How to complete this task:
Only one stretch of the records below should be repeated. It starts with the line containing "cashmastermuscle77 online show" and goes on through the line containing "Tattini Deluxe Veste", exactly as written.

Saved entries:
BEGIN
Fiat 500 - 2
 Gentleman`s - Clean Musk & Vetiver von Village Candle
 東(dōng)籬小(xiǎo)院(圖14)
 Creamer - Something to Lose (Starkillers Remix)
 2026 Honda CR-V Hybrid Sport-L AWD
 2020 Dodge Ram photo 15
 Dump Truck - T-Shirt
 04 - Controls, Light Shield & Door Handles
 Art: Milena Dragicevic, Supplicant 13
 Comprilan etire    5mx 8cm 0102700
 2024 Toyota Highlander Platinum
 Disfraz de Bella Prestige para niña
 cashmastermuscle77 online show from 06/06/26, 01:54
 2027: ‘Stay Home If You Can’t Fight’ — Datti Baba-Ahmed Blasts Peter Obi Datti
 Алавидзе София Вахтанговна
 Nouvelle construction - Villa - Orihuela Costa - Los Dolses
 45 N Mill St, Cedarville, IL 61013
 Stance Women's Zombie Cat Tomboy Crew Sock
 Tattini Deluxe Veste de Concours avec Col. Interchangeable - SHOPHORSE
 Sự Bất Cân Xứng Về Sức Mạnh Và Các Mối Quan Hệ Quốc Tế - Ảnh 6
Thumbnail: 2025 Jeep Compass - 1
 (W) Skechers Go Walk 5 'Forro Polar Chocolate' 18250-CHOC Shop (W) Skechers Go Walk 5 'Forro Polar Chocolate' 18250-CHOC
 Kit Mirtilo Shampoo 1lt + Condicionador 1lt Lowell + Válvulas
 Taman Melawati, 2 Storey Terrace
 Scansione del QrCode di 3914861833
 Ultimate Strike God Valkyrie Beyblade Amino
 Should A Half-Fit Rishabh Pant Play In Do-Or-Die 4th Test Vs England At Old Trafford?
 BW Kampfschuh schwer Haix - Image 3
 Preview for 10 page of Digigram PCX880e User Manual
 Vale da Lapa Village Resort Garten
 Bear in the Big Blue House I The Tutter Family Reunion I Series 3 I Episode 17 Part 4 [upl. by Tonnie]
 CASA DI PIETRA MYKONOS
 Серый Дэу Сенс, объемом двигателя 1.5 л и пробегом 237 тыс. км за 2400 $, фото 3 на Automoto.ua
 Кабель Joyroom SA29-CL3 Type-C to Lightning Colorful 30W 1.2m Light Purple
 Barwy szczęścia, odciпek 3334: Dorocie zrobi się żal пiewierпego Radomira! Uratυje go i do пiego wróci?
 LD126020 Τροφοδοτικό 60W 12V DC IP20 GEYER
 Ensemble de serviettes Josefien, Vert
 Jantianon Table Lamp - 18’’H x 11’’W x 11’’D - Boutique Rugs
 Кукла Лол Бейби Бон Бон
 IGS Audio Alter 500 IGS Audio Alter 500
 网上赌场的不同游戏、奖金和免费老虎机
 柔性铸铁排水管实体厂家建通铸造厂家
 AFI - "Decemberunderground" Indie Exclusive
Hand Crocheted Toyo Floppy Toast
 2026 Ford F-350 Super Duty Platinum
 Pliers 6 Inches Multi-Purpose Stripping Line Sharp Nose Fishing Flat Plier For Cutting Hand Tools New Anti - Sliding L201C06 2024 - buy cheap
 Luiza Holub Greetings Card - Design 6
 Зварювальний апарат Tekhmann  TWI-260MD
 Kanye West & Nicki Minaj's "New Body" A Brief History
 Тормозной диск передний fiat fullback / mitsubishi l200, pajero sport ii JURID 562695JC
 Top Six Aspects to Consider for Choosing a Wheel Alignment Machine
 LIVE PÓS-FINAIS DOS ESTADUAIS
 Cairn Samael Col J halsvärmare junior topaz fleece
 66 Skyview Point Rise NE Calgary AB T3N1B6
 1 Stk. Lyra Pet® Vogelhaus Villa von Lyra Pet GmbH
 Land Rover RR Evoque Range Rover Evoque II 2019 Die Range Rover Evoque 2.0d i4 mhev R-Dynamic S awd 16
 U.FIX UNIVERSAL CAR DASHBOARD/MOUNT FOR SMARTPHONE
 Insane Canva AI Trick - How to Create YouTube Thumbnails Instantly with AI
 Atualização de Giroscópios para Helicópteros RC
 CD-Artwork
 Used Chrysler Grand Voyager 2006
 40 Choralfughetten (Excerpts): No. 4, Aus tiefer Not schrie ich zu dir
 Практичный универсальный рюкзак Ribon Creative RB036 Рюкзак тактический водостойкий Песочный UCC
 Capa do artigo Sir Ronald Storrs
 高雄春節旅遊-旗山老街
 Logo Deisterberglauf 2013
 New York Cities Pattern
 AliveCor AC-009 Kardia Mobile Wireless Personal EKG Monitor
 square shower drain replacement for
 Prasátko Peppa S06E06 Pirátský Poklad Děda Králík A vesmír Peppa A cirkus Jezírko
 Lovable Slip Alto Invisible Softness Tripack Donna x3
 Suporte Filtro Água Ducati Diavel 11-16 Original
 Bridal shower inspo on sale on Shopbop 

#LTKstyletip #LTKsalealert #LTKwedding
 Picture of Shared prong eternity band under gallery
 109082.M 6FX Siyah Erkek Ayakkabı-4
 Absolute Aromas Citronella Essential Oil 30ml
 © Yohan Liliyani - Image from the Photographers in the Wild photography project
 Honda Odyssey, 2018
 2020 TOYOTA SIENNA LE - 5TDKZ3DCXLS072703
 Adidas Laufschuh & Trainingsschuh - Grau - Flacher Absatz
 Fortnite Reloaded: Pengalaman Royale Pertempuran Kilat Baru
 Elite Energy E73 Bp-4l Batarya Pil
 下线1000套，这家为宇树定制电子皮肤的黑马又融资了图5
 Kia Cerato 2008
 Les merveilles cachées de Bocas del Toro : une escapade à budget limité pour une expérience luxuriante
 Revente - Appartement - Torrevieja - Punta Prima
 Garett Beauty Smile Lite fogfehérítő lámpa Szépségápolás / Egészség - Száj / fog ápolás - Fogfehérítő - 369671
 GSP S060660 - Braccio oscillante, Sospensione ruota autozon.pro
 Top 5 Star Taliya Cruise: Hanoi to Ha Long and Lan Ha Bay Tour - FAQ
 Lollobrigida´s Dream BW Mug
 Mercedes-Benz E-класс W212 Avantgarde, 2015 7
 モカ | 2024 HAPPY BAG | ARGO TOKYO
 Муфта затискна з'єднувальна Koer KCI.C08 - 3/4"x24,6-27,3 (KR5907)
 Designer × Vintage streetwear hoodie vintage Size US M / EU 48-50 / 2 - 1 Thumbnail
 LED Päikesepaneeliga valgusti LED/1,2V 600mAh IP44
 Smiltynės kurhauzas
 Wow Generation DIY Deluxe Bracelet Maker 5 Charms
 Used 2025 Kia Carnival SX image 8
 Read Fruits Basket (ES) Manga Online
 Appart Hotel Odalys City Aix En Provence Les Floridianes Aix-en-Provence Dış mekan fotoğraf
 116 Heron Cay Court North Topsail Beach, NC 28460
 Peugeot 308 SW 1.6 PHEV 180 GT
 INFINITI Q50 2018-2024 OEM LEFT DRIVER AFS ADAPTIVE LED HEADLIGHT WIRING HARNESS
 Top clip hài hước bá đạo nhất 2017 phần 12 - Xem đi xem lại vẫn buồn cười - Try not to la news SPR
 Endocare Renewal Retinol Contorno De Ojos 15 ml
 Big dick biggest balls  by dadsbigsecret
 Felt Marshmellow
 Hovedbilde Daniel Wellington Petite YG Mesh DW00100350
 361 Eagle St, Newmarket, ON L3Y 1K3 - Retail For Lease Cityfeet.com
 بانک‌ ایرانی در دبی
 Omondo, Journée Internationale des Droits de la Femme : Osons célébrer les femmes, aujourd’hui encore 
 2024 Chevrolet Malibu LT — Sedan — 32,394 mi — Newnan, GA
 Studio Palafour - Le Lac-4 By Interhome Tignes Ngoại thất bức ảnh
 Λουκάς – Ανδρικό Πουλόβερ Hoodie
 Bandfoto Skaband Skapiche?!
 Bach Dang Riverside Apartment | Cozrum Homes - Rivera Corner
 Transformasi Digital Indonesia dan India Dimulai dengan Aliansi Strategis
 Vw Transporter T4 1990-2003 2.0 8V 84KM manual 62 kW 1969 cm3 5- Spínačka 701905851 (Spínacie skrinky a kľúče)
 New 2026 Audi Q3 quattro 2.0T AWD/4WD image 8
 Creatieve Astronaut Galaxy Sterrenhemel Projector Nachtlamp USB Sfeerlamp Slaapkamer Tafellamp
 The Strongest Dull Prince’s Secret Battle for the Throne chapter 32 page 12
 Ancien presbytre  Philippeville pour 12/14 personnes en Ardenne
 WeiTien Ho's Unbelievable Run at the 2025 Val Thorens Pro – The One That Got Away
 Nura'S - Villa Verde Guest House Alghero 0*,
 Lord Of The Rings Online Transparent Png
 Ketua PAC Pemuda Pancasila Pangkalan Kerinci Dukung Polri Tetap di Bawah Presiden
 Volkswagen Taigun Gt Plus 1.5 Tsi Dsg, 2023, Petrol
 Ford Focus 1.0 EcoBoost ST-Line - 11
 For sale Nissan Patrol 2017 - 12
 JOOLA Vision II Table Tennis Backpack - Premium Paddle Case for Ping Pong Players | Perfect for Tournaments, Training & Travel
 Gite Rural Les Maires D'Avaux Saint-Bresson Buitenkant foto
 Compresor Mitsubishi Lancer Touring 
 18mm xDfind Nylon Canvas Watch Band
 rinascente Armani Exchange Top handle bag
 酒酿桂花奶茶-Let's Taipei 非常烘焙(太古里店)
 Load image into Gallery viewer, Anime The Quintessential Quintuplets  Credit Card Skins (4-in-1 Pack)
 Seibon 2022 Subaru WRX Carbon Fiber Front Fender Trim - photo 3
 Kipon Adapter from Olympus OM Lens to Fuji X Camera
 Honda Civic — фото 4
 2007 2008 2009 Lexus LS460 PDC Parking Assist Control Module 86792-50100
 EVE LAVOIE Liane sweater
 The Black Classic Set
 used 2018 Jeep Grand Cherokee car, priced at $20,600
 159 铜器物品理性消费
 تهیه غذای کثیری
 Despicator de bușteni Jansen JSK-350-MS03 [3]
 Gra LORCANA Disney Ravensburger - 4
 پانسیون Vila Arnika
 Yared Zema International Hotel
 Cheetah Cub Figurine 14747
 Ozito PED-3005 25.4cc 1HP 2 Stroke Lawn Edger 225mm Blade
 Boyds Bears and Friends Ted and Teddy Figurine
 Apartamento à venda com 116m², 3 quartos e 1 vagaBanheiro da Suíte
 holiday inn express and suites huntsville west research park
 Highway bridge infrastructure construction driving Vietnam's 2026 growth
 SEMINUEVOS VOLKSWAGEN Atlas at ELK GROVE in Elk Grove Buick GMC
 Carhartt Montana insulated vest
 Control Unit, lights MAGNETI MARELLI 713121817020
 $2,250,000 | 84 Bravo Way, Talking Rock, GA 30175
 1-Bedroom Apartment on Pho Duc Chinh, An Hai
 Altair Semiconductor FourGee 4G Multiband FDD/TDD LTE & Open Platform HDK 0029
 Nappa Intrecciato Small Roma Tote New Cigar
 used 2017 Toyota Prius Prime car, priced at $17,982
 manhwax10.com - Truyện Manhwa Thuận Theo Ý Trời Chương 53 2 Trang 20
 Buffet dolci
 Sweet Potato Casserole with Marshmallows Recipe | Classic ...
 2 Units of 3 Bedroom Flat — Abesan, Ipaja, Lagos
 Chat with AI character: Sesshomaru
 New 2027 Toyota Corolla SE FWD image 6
END
Result below:
 cashmastermuscle77 online show from 06/06/26, 01:54
 2027: ‘Stay Home If You Can’t Fight’ — Datti Baba-Ahmed Blasts Peter Obi Datti
 Алавидзе София Вахтанговна
 Nouvelle construction - Villa - Orihuela Costa - Los Dolses
 45 N Mill St, Cedarville, IL 61013
 Stance Women's Zombie Cat Tomboy Crew Sock
 Tattini Deluxe Veste de Concours avec Col. Interchangeable - SHOPHORSE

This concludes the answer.